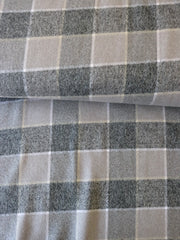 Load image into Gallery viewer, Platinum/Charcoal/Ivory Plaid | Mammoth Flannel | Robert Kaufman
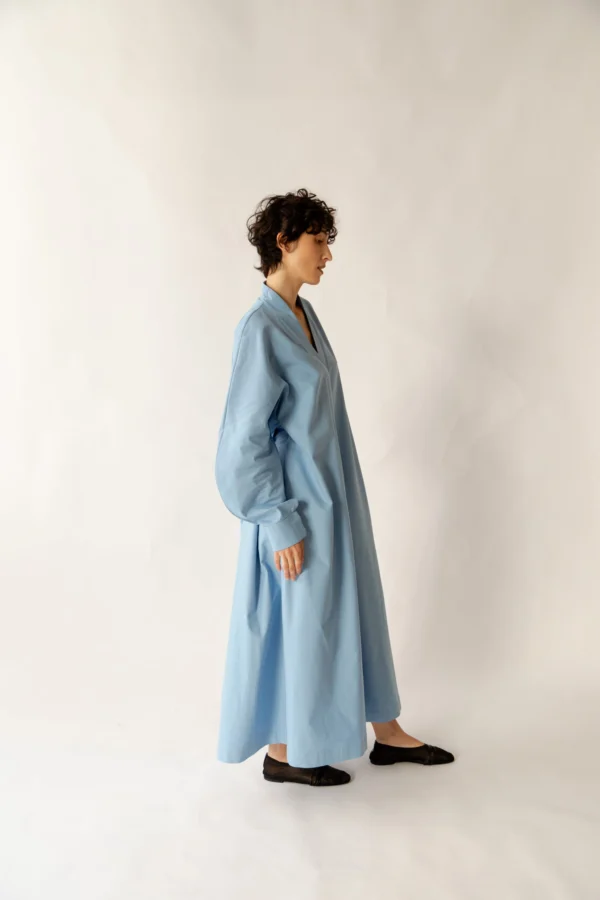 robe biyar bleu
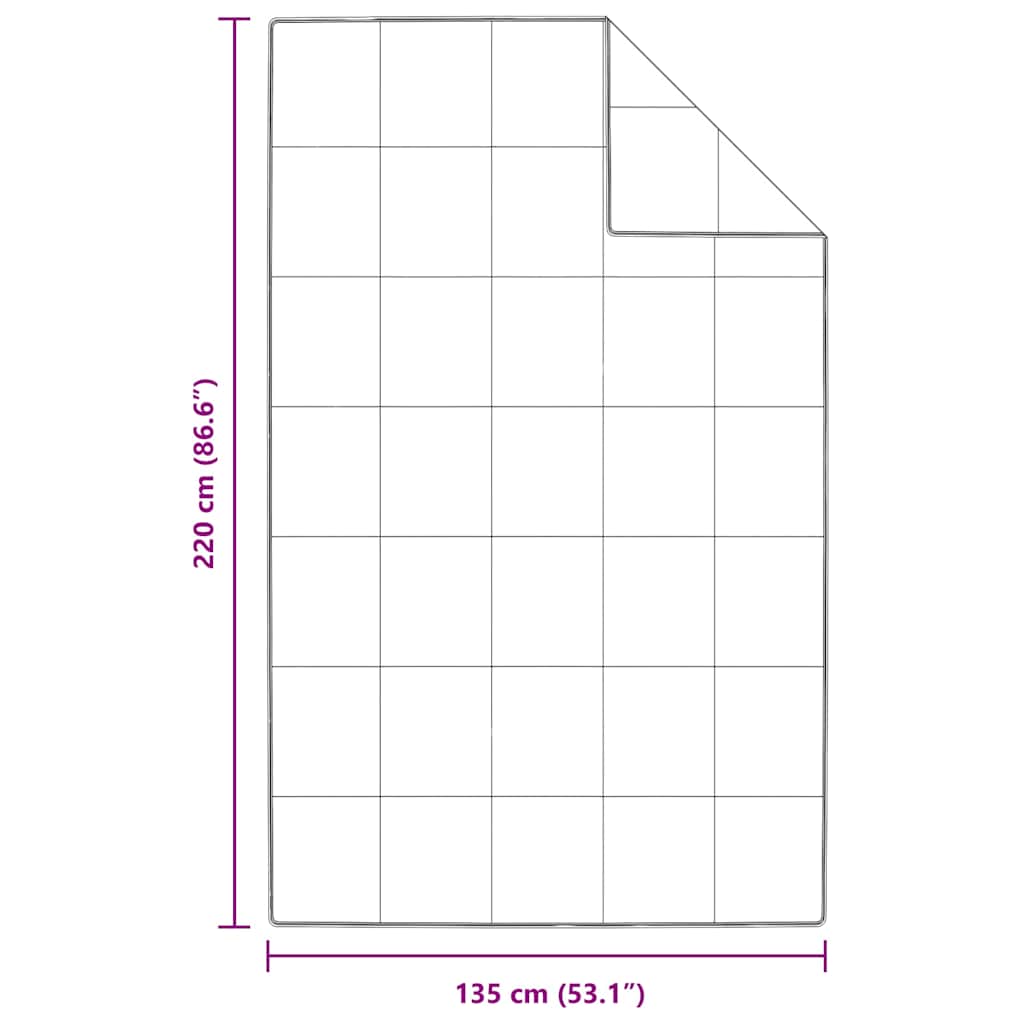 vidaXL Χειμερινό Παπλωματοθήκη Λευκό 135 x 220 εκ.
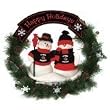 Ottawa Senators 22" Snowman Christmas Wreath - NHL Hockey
################
ACTIVITY:
Verbatim output, no pictures: the line holding "robe biyar bleu" and all lines after it through the last line of the material, with nothing else.

WORKED SOLUTION:
 robe biyar bleu
 vidaXL Χειμερινό Παπλωματοθήκη Λευκό 135 x 220 εκ.
 Ottawa Senators 22" Snowman Christmas Wreath - NHL Hockey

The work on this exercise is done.